In the First Week of the Spiritual Exercises, St. Ignatius invites retreatants to get in touch with the ways we are in need of God’s healing mercy. In the context of God’s love, he wants us to come to understand our patterns of unhealthy behavior. The ways we fail to make a return of God’s love.
We know there is a tremendous amount of sin in the world. We see the results of it all around us. Children starve. Old people are neglected. Governments allow torture of dissident groups and prevent aid from getting to their people. Men and women live in poverty. All around us we see discrimination…violence…hatred. And Ignatius invites us to use our imagination to really picture this – to get a deep sense and sorrow at the effect of sin in the world.
That raises the question: How do we explain the existence of sin? How do we explain the existence of acts that bring about such suffering in the world? Over the centuries, people have created different narratives to explain the entry of evil and wrongdoing in the world.
One of the things Ignatius invites retreatants to spend time in Week 1 of his Spiritual Exercises is praying with the sin of Adam and Eve – the entry of sin in the human world. Cornell Bradley explains it in traditional biblical terms like this:
Adam and Eve want to be as God is, and so they are described as eating the forbidden fruit of the tree of knowledge. Both try to escape the responsibility of the choice which each one has made by trying to shift the blame to someone or something else. The effect of this one sin is not only the loss of God’s special sharing of divine life for all humankind, but also the continuing flow of evil perpetrated by people upon other people and even the various kinds of destruction inflicted by them upon God’s world.
There are some people believe that the first sin happened exactly like that. But I can understand the moral, if you will, of this story without believing that the Genesis account is a literal one. One need not believe that a man and a woman were tempted by a serpent to eat a piece of fruit from something called the Tree of Knowledge to be able to contemplate entry of sin into the world. So here is Joseph Tetlow’s rendition of the entry of sin into the world.
At some point in time and on some spot on the globe, the earliest humans came into life. They grew intellectually aware of right and wrong, and some among them – the Church has always believed it was the very first – chose to do evil. They abused what was given them. Then chose to use what was forbidden by their consciences. They decided willfully to make their own value system instead of letting the Spirit of God instruct them. From that sin came others, more and more. From that sin came death. So, from this earliest sin came flooding down all of the misery, wretchedness, evildoing, and death-dealing in the world today.
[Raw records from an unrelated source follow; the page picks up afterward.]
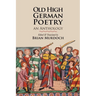 Old High German Poetry: An Anthology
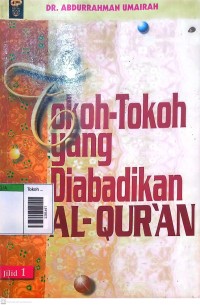 Image of Tokoh tokoh yang diabadikan al quran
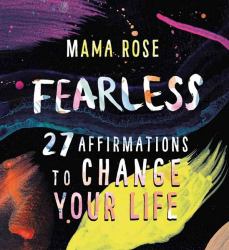 Fearless : 27 Affirmations to Change Your Life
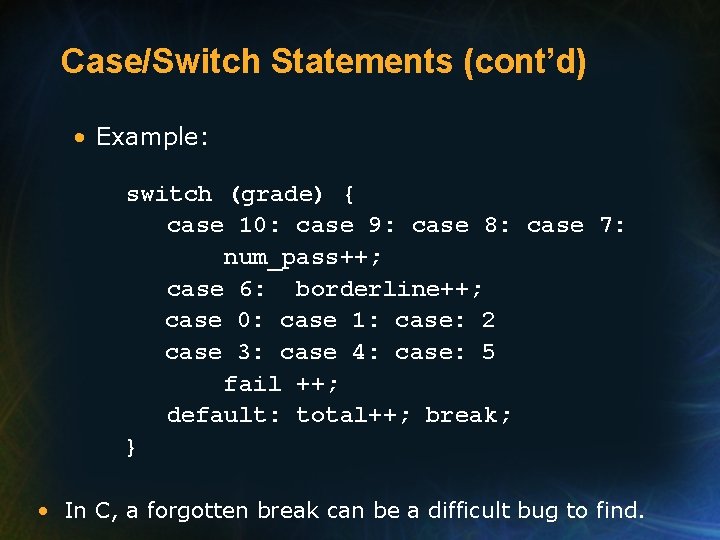 Case/Switch Statements (cont’d) • Example: switch (grade) { case 10: case 9: case 8:
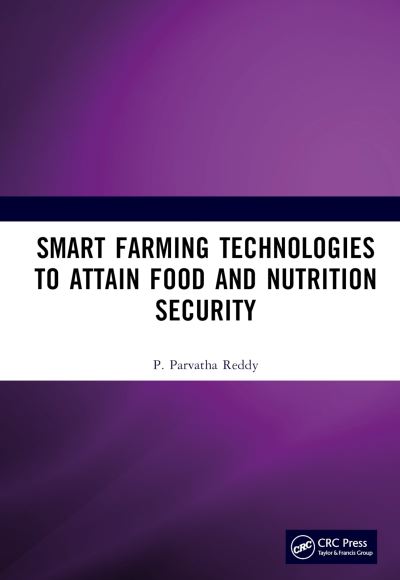 Cover for P. Parvatha Reddy · Smart Farming Technologies to Attain Food and Nutrition Security (Hardcover Book) (2024)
I spent some time on my retreat a couple of summers ago praying again with Ignatius’ exercise on the sin of Adam and Eve. After sitting in my hermitage reflecting on this, I went out onto the lake in a paddleboat. The day the gorgeous, and after paddling to the middle of the lake, I leaned back and gazed around me – blue sky, wispy clouds, birds singing, tree leaves dancing in the light breeze. Beautiful. I was totally content and at peace.
And the thought that then came to mind is (in the framework of the original Genesis story): if Adam and Even had all this (and more) in the Garden of Eden, why look for more? And the answer that immediately came to me is: Because what we have never seems to be enough and we always want more.
Buddhists explain our always grasping for more as a function of a desire to gain a more solid sense of a self we can’t clearly grasp and therefore feel constant unease. In Christian terms, it is perhaps best explained by the fact that we sense a hole – a hole that really only God can fill – but that we try to fill with something else. And that means that until we grasp the depth of God’s love, until we grasp the sense of the final line of Ignatius’ Suscipe prayer – that God’s love and grace is enough of for us – there will be a craving for more, a craving that will ripen on one way or another into what we label sin.
The job of the “enemy spirit”, as Ignatius sometime terms the tempter, is precisely to hinder us from that realization and to tempt us to keep wanting more. And one way to understand the expulsion from Eden as recounted in Genesis 3 is as a way of expressing what happens when we listen to the voice of the enemy spirit and not the voice of God: When we move away from love, there is an inevitable movement away from God and a loss of intimacy with God. God is still there, but we experience a movement away from God.
So the question is: What does all of this look like for each of us?
Note that this is a the twelfth in a series of posts in celebration of the Ignatian Year, which began on May 20 of this year.